# Resampling the Efficient Frontier: An Illustration During the Codiv-19 Pandemic

## Overview

A well-known problem with mean-variance portfolio optimization is that it is subject to instability: small changes in the inputs lead to large differences in the optimal portfolios. Since estimates of the required parameters (particularly the expected returns) using historical returns are extremely noisy, this results in unstable portfolios that would required frequent rebalancing. Another issue with this type of “blind” optimization is that, if an asset has much higher average returns over the sample period used to estimate the parameters, the optimal portfolios will tend to concentrate heavily on this asset, resulting in undiversified portfolios.

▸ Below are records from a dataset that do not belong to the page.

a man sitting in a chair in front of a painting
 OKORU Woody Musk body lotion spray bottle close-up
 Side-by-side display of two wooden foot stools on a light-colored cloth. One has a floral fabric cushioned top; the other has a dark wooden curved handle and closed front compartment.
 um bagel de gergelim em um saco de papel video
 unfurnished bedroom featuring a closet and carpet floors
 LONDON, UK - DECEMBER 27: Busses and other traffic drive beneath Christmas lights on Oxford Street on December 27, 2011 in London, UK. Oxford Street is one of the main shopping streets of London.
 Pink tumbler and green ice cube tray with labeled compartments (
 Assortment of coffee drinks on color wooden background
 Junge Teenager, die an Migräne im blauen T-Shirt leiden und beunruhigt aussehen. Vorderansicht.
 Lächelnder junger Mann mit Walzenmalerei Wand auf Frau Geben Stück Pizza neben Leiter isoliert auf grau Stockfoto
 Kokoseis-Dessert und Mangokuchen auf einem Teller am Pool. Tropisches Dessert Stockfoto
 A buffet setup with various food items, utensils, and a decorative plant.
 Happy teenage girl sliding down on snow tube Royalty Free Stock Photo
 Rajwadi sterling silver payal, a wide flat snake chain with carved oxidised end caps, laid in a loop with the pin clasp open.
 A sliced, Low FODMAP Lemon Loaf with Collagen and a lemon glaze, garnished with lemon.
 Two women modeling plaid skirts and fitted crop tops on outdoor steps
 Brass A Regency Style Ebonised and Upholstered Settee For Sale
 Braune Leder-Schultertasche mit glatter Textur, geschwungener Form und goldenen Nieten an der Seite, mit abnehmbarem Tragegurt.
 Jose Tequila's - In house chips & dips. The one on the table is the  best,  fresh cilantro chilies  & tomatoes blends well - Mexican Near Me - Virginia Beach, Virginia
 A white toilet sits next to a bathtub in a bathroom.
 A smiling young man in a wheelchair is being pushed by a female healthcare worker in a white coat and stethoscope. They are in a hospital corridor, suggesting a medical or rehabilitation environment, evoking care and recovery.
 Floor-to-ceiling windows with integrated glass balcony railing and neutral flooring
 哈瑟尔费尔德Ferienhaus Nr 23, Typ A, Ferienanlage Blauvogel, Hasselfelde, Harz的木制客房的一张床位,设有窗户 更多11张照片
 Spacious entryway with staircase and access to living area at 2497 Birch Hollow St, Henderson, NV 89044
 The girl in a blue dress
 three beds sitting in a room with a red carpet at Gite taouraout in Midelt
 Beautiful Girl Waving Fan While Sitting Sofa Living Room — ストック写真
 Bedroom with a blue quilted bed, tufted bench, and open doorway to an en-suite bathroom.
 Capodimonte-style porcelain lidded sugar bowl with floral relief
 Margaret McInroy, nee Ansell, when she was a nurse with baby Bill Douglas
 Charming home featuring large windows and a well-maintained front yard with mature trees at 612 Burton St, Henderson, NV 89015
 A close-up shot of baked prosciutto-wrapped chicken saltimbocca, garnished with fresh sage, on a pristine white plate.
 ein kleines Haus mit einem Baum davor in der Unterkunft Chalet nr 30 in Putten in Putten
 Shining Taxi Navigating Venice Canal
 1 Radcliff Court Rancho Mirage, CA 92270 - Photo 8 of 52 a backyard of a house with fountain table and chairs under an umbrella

In this article, I illustrate this instability over a particularly volatile period, the Covid-19 crisis. I estimate the efficient frontier for a set of ETFs that represent different asset classes in the periods before and after the Covid crisis, showing that, not only does the frontier changes dramatically, but the “efficient” portfolios are heavily concentrated on just a few assets that happened to have better risk-adjusted performance during the estimation period.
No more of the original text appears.